How Bartenders Can Help Build a Better Drinking Culture

"Guilty Pleasure" seminar panelists Zoe Cormier, Iain Griffiths (Trash Tiki), Jeffrey Kluger (TIME) and Claire Smith-Warner (Belvedere).
The "Guilty Pleasure" panelists discussed the bartender's role in shaping a more productive and healthy drinking culture. From left to right: author Zoe Cormier, Iain Griffiths (Trash Tiki), Jeffrey Kluger (TIME) and Claire Smith-Warner (Belvedere). (Photo: Jennifer Mitchell Photography)

You can call it preaching to the choir, but the panelists on the Guilty Pleasure seminar at Tales on Tour Edinburgh had a few positive things to say about alcohol.

According to Zoe Cormier, whose book "Sex, Drugs & Rock n’ Roll: The Science of Hedonism" examined the reasons behind the human desire to become intoxicated, our base pursuits need not be denigrated: they are, she said, integral to what it means to be human. Jeffrey Kluger, TIME’s editor-at-large, said that “it’s undeniable that humanity would be poorer without our discovery of alcohol.” Panel host Claire Smith-Warner from Belvedere was even bolder in her enthusiasm, suggesting that the social interaction facilitated by alcohol consumption saves lives.

That, however, is not to say that we cannot all be drinking better.

“Without a shadow of a doubt,” said Cormier, “my life is richer and more interesting for having had alcohol in it; however, that being said, we need to be aware of the dangers and how the industry handles these dangers.
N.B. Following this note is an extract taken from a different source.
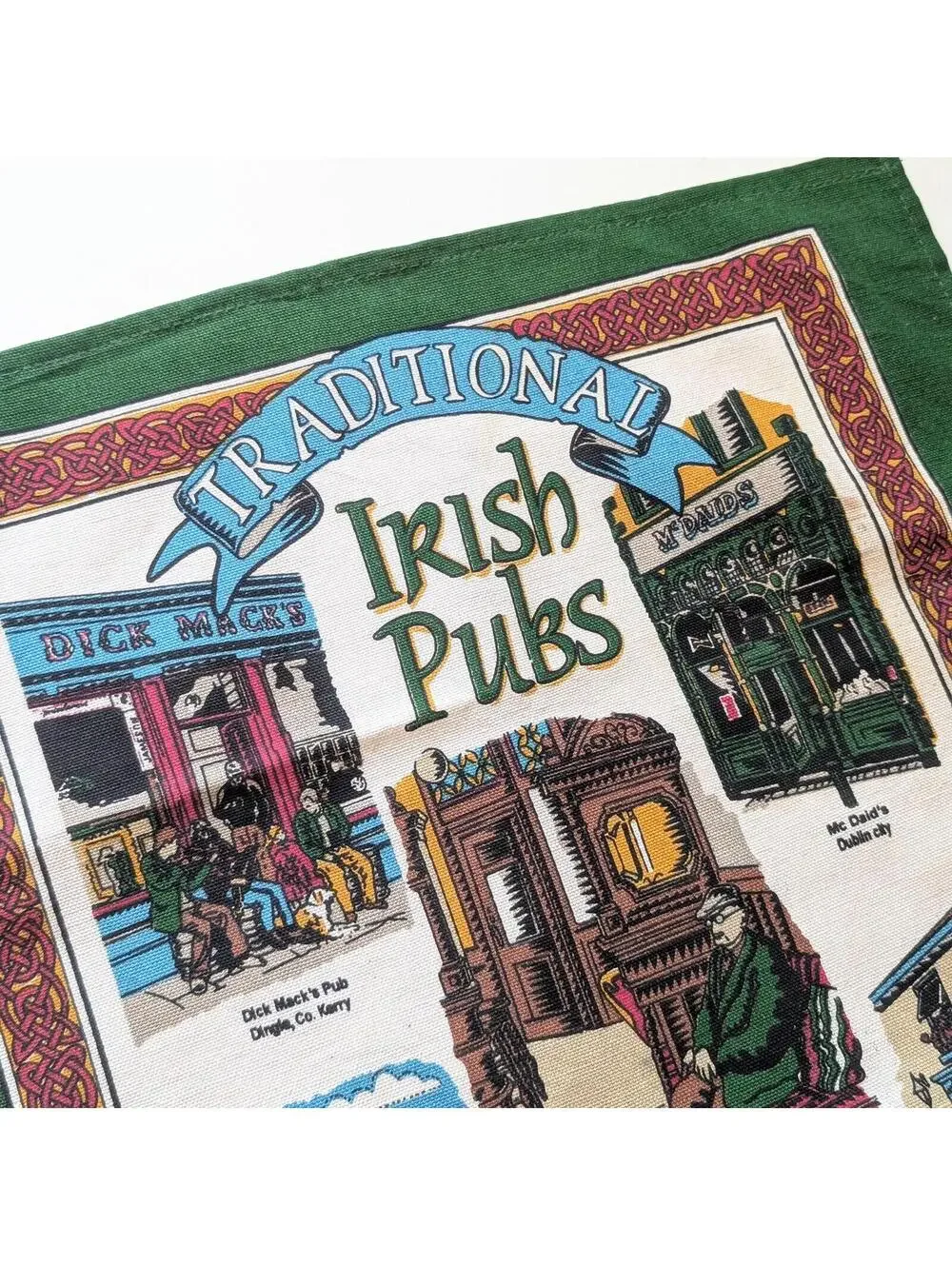 Vintage Irish Linen Tea Towel with Traditional Pubs in Ireland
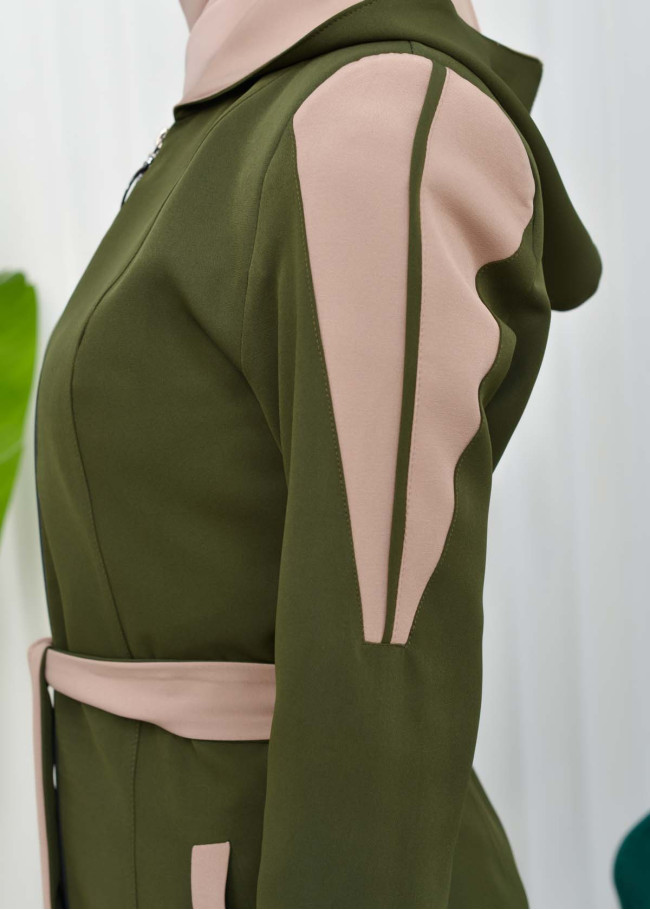 ترانشكوت نسائي قصير للمحجبات  مع حزام و طاقية - كود 1210 Yeşil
This was a point taken up by Iain Griffiths, of Trash Tiki and Dandelyan, who said that one of his passions is driving this industry toward professionalism, and that we need to “acknowledge alcohol as the drug that it is, but do some good with it.”

But how can bartenders work toward that? “For me,” Smith-Warner told us, “it’s about responsible drinking in action.” We caught up with her to find out more.

Tell us about taking a more balanced approach to drinking alcohol.

I think that very often our industry dismisses responsible drinking guidelines because we are professionals and we consume alcohol, therefore those guidelines are not meant for us. But we still need to acknowledge the impact that alcohol can have and be more mindful of that and also really think about interesting ways to help the consumer drink responsibly. Moderation shouldn’t be a boring dictat.

How do you do that?

We can actually have a bit of fun; through low alcohol cocktails, through not using sugar in an irresponsible way, by making sure our cocktails are balanced and by using the freshest ingredients.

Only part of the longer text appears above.